Check if our test data was correctly published to the streams.

In [None]:
# Check stream status again to see if our test data was published
stream_info = await get_stream_info()
df = pd.DataFrame(stream_info)
df

## Recommendations

Based on the diagnostics above, here are some recommendations to fix the issue with missing data in streams:

1. **Check Subject Patterns**: Ensure that the subjects used in your data generation scripts match the patterns configured in the streams.

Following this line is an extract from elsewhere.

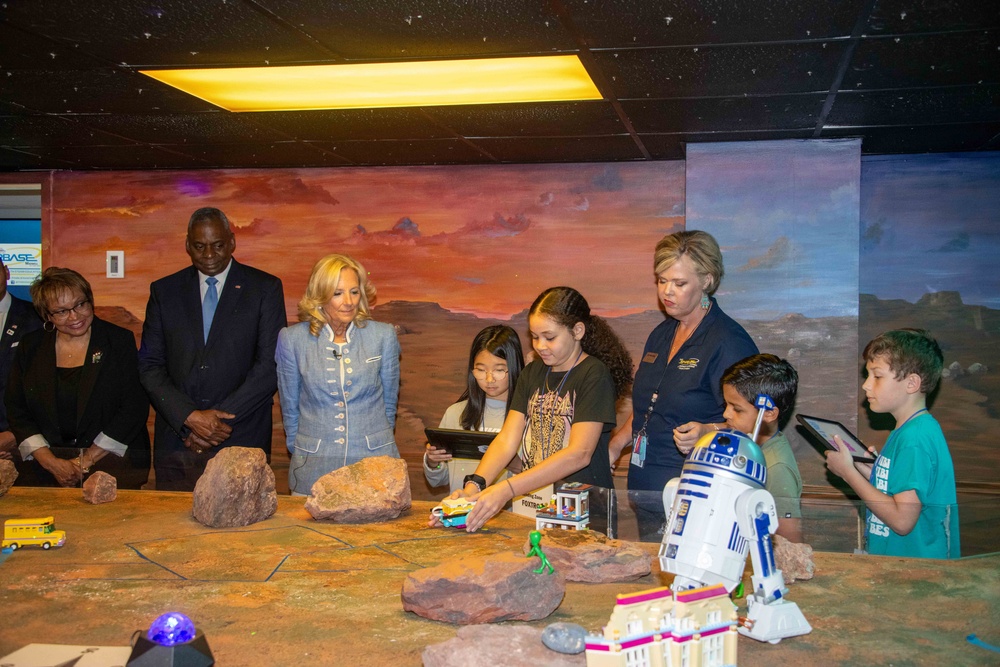 First Lady and Secretary of Defense visit STARBASE and MEMS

2. **Stream Configuration**: Make sure all streams are properly configured with the correct subject patterns.

3. **Fix Data Generation Scripts**: Update the scripts to use the correct subject patterns when publishing data.

4. **Use JetStream Publishing**: Make sure your scripts are using JetStream publish rather than regular NATS publish.

5. **Stream Creation**: Verify that streams are created before trying to publish to them.

You can use the provided functions in this notebook to test your fixes before running the full generation scripts.